About this task
A verbatim copy is needed of the lines below from the one containing "abdominal_bulge beak black_and_white" up to and including the one containing "1girl absurdres animal_ears", excluding pictures.

Extracted entries
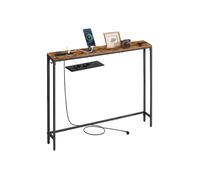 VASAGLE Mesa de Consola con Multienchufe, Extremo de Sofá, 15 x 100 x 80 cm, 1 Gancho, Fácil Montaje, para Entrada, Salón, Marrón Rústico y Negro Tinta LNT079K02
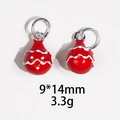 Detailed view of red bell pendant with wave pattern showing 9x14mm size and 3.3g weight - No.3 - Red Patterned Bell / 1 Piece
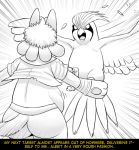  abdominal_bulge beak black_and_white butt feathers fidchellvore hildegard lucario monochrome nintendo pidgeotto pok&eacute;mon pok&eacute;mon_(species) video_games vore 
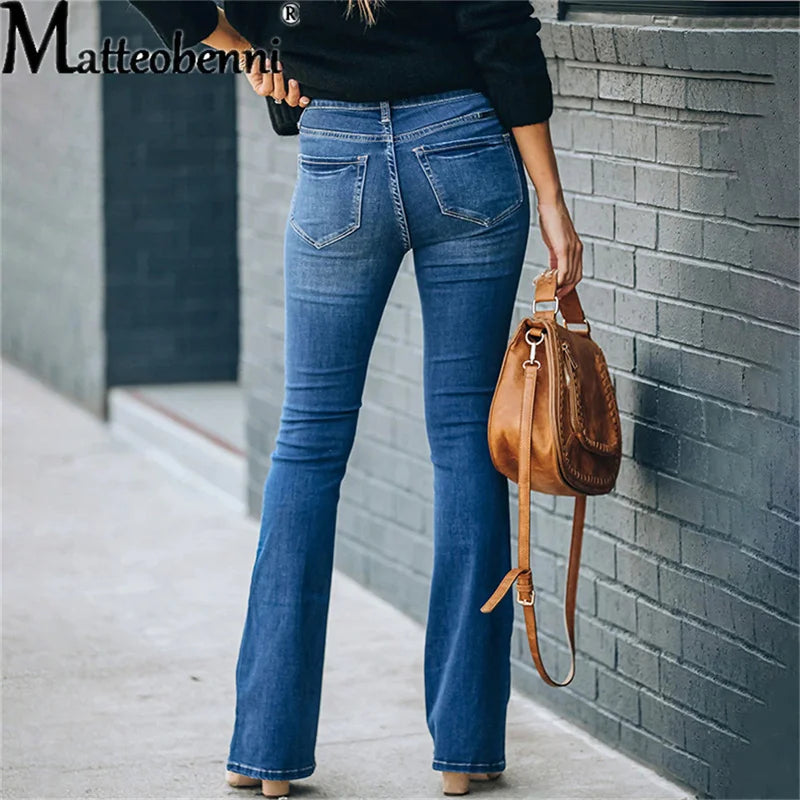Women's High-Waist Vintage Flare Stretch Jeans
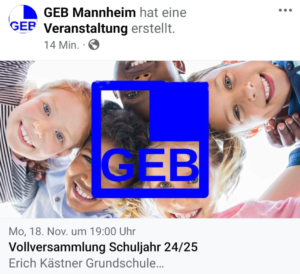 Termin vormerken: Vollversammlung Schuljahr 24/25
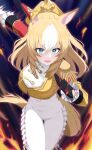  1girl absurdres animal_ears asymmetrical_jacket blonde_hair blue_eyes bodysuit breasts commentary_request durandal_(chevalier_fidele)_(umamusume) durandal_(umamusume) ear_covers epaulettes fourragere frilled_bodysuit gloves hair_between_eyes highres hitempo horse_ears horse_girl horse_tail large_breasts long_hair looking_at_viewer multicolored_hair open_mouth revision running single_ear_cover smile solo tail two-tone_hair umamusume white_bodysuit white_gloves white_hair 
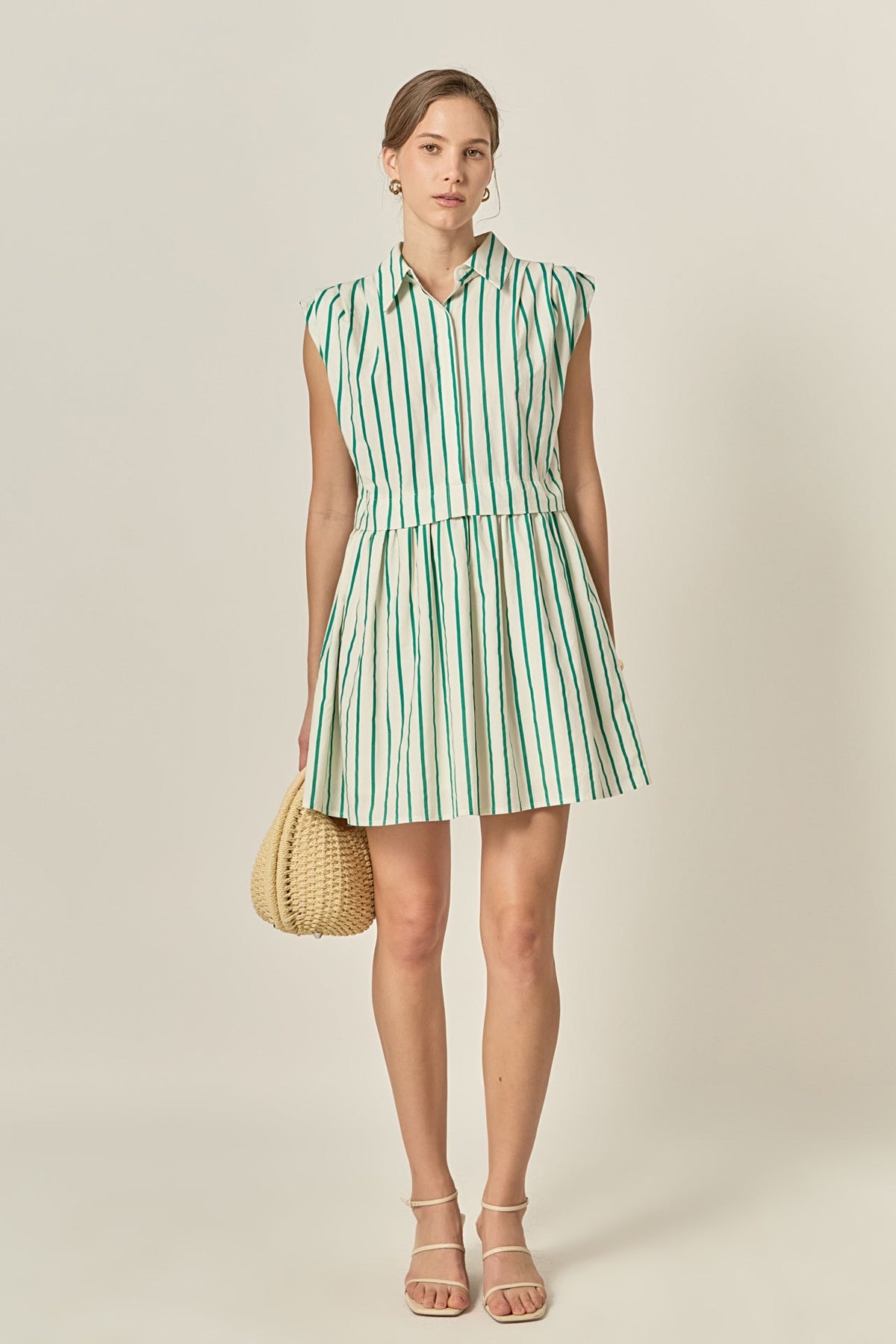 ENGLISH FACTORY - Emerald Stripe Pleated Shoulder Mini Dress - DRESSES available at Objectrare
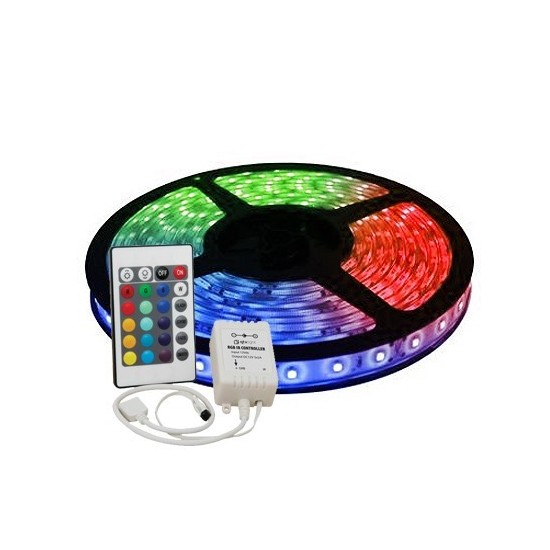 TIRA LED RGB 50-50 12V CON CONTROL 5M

Reply
  abdominal_bulge beak black_and_white butt feathers fidchellvore hildegard lucario monochrome nintendo pidgeotto pok&eacute;mon pok&eacute;mon_(species) video_games vore 
Women's High-Waist Vintage Flare Stretch Jeans
 Termin vormerken: Vollversammlung Schuljahr 24/25
  1girl absurdres animal_ears asymmetrical_jacket blonde_hair blue_eyes bodysuit breasts commentary_request durandal_(chevalier_fidele)_(umamusume) durandal_(umamusume) ear_covers epaulettes fourragere frilled_bodysuit gloves hair_between_eyes highres hitempo horse_ears horse_girl horse_tail large_breasts long_hair looking_at_viewer multicolored_hair open_mouth revision running single_ear_cover smile solo tail two-tone_hair umamusume white_bodysuit white_gloves white_hair 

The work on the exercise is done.